Ci sono momenti in cui è importante esserci per testimoniare la propria vicinanza a un’idea, per sostenere in prima persona una battaglia, per dedicare del tempo a un’iniziativa che rompe gli schemi e ti dà una carica di energia positiva perché senti di appartenere a quel mondo e che quel mondo ti appartiene: per questo sono stato al Bike Pride di Bologna dei “ciclisti selvaggi” che per un intero pomeriggio hanno colorato la giungla d’asfalto di bici e di bellezza.
Dopo la Bicifestazione del 28 aprile ai Fori Imperiali di Roma, a metà strada tra il Bike Pride di Torino e la Ciemmona di Firenze, domenica 13 maggio il futuro della mobilità nuova pedalava a Bologna.
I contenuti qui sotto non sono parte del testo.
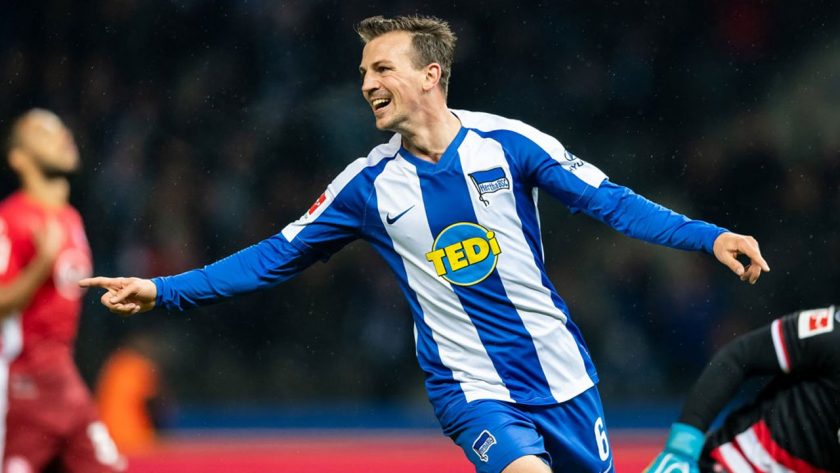 SC Freiburg vs Hertha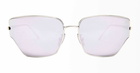Loewe Lw40150u - Silver Sunglasses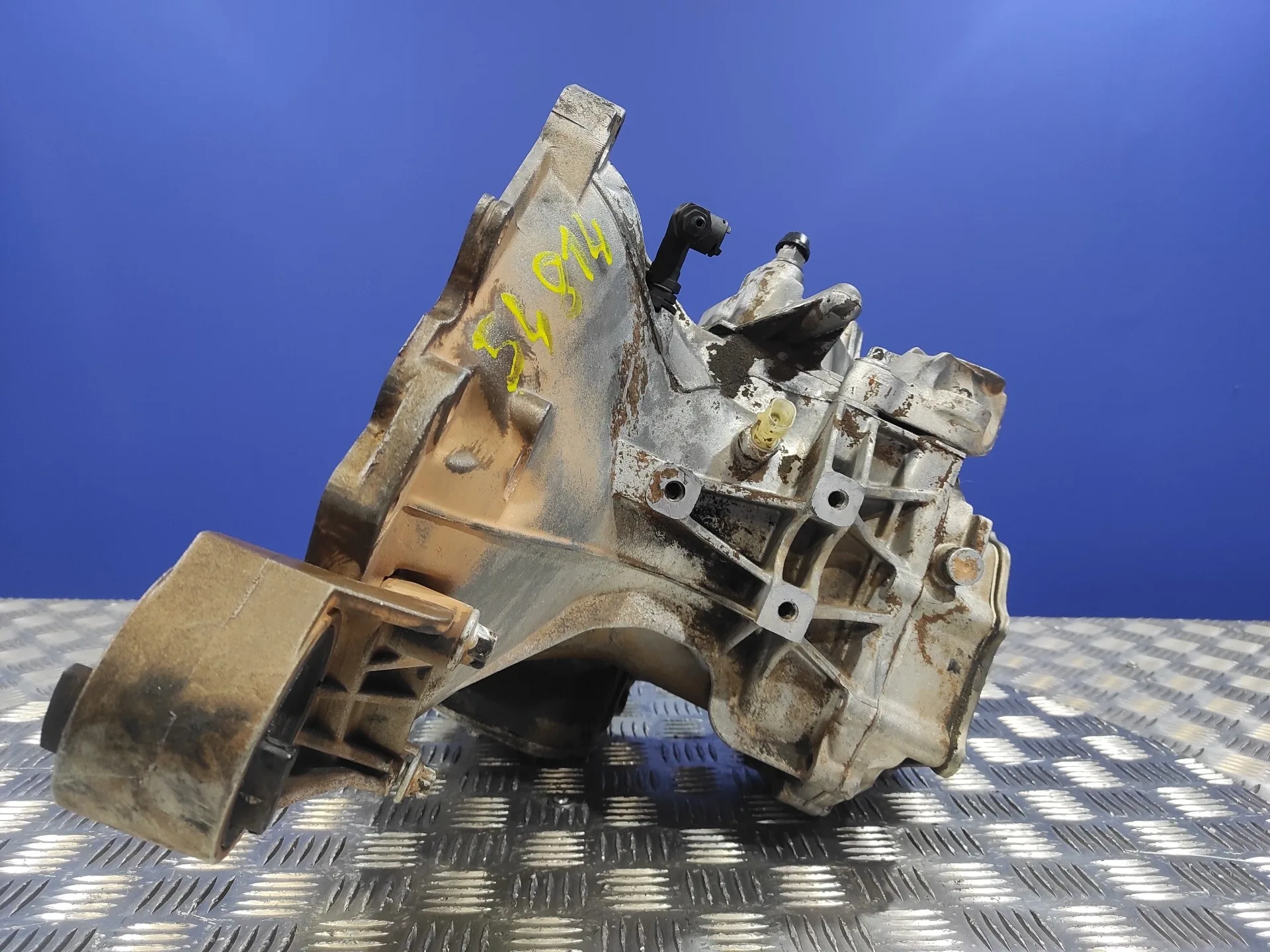 Caja Cambios para Opel Corsa C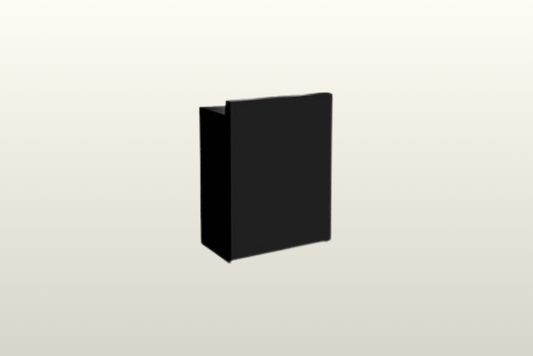 COUNTER Basic (schwarz)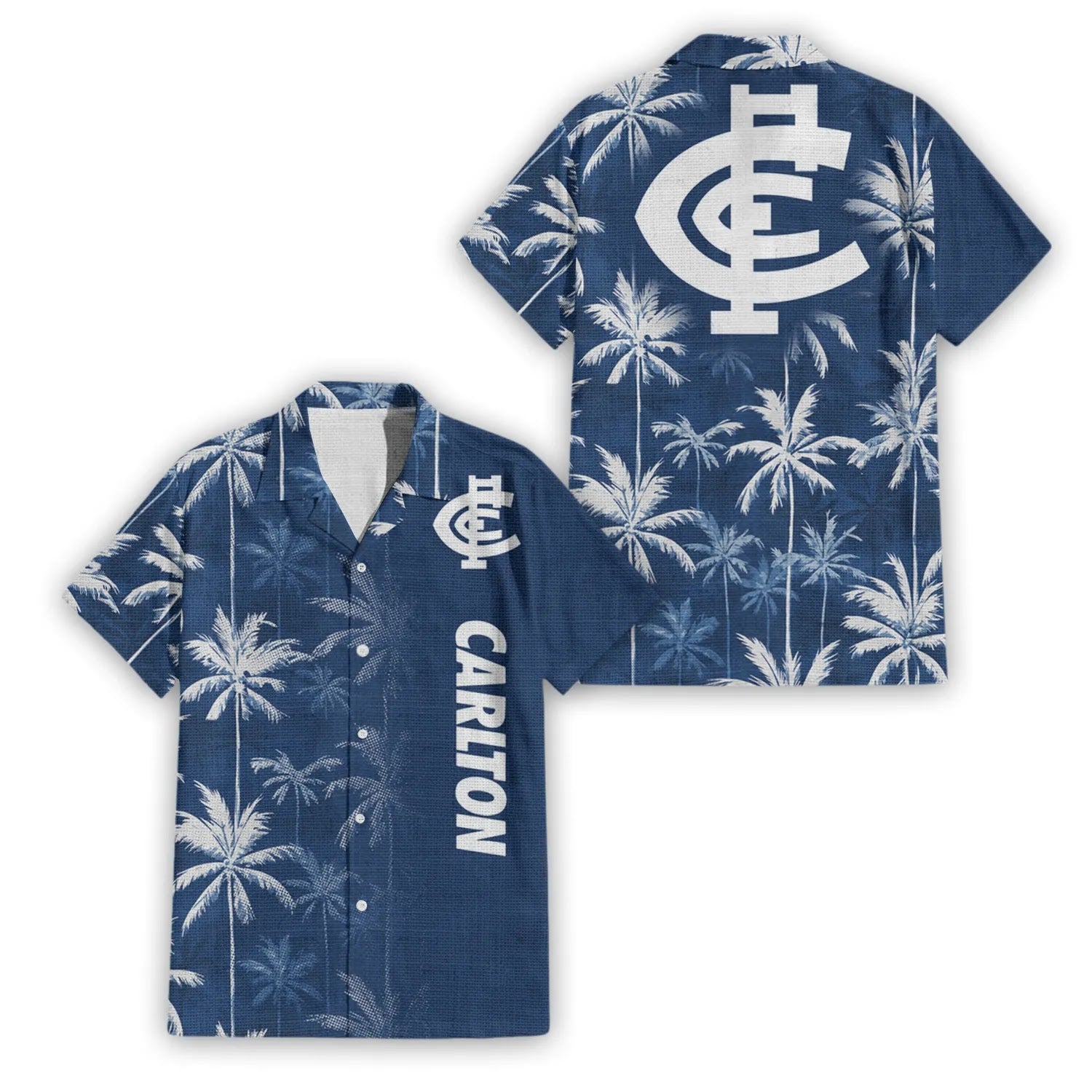 Carlton Blues Apparels SHW032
Non è stata una semplice pedalata in libertà o soltanto una festa, è stata una parata gioiosa di persone in bicicletta che si sono mescolate al di là delle appartenenze: tante tribù che hanno fatto fronte comune per ribadire il concetto che stare zitti e buoni nella riserva indiana delle ciclabili (quando ci sono) o ai margini della carreggiata non è concepibile se la viabilità della città non diventa realmente accogliente per chi pedala.
Le tappe di avvicinamento alla pedalata di domenica pomeriggio con arrivo e partenza dal Parco della Montagnola, sopra alla Velostazione Dynamo e a due passi dalla Stazione Centrale, mi hanno portato a conoscere angoli remoti della città come i Prati di Caprara: un’ex area militare dismessa di 47 ettari su cui per 40 anni è cresciuto un bosco spontaneo e che l’amministrazione comunale, d’intesa con i privati, vorrebbe urbanizzare costruendo una scuola e non si sa ancora quante altre volumetrie, disboscando un polmone verde accanto all’Ospedale Maggiore.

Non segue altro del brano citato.